In Velzna, Etruscan leaders gathered to hold conferences and peace talks and debates. It was a central city with power. Most of all of this is ambiguous, deduced from a few bits of ruin. History is written by the victors.
When the Romans came for Velzna, the Etruscans used the city to defend themselves, retreating into their caves, surviving by the wells they had dug into the rock and managing to hold Caesar off for two years. To defend Orvieto, you don’t really need to do much but shoot at anyone who tries to climb the cliff it’s built on. But after two years of being barricaded in their homes, the Etruscans started to crack. Or, rather, their slaves started to crack. The historical word on the street is that Velzna had been so wealthy for so long that its residents stopped running the city. It was run by someone, but that someone was a slave, many slaves. The Etruscans partied. Their slaves did all the work, manual and also political. It was a system designed to fail.

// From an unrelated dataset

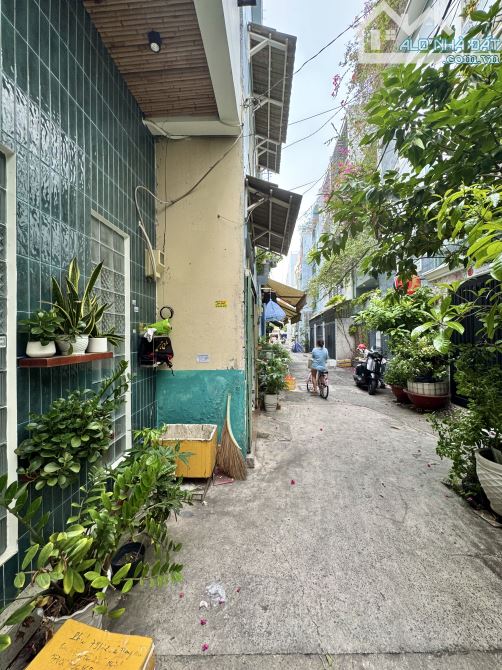 ✨ NHÀ ĐẸP 3 TẦNG ngay ĐH Công Nghệ Thực Phẩm, HẺM NHỰA 5M, 1/ đường Lê Trọng Tấn - 3,7 TỶ - 5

When times got tough in Velzna—and Roman sieges are known to be exhausting—the slaves thought they saw their chance and revolted. Their masters, having no real sense of how the world worked since they hadn’t participated in it for years, secreted notes to Rome for help. They asked the armies that had been holding their city captive to come inside and settle a domestic dispute. So it was by invitation that Velzna fell to the Romans, that its builders were evacuated out of the city and wandered to Lake Bolsena, homeless. It was with an open door that Velzna lost its name and became another province sending food to Rome. The Romans cleared signs of their predecessors, built on top of Velzna atop a mesa, saw the truth of the original city inside their plateau disappear and become rumor. For centuries, people whispered that Orvieto was all empty, beneath.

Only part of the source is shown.